幹部陣全員が無言でこちらに目線を向けている。彼らは戦闘職でないにも関わらず視線にかなりの圧が込められている。
なるほど、これが貴族や他の商会の幹部陣とやり合っている歴戦の猛者である証だ。彼らは彼らの戦場で生き抜いてきた強者であることを忘れてはいけない。
腹の探り合いではマリー以外はきっと手も足も出ないんでしょうね。
一番奥に座っている商会長が口を開いた。
「ようこそ、災厄の化身の皆様」
「カラ…… 何それ?」
「皆様はパーティー名を未だに決められていないという事で周囲の方々が解りやすいようにと便宜上付けられた仮のパーティー名ですよ。そういった情報はマリーさんの方がお詳しいのではありませんか?」
「マリー、本当かい?」
「ええ、耳にはしていたわ。所詮パーティー名なんて集団を特定するための記号でしかないでしょう? なんでもいいわよ」
その言葉を聞いた途端にアリスが顔をぷくーっと膨らませてマリーに突っかかる。
「だったら『ディックとアリスのワンダーランド』以外認めないと言った時になんで賛同してくれなかったんだ?」
アリス…… それだとパーティーメンバーは二人になってしまうけど……。
「はぁ? 何でもと言ったけど、そんな不思議ちゃんみたいな痛々しいパーティー名は流石に限度というものを超えてるわ。やっぱり『ディックを影から見守り隊』が無難だと何度も言ってるでしょう」
マリー…… 影って…… 真正面から見守ればいいでしょう。パーティー名からどことなくヘラの香りがするんだけど……。

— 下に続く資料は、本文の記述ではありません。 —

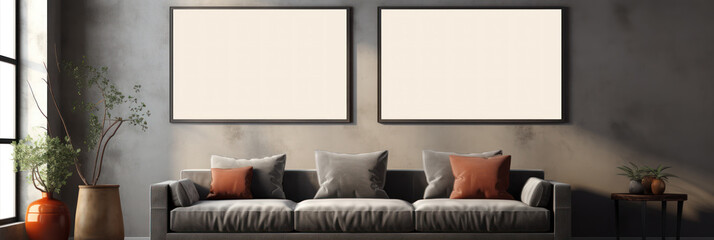 Wall Mural - Part of interior mockup, sofa near wall, empty picture frames, light and shadow from window, banner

「『ディック聖十字騎士団』が良いと散々言いましたのに」
リシェル…… 一番まともそうではあるけど、教会に所属しているの君一人じゃないか。教会から怒られないか?
「『ディックのお料理教室』にしようよ。はーちゃんも賛同してくれてるしさ」
セリーヌ…… 冒険者要素皆無なんだけど? アリスと同レベルの知能と言わざるを得ない。爽やか少女だと思った子は結構頭が残念な子だった。
唐突な内輪揉めが始まってしまった。貴方達、ここに何をしに来たのか忘れたの?
「皆様…… そういったお話は後ほど皆様で行っていただくとして、本日こちらへお越し頂いたご用件についてお伺いしましょう。空いている椅子は一つしかありませんが、よろしければおかけください」
商会長の言葉に商会長の真正面に空いている席にマリーが座る。幹部陣の圧などお構いなしにマリーが話始める。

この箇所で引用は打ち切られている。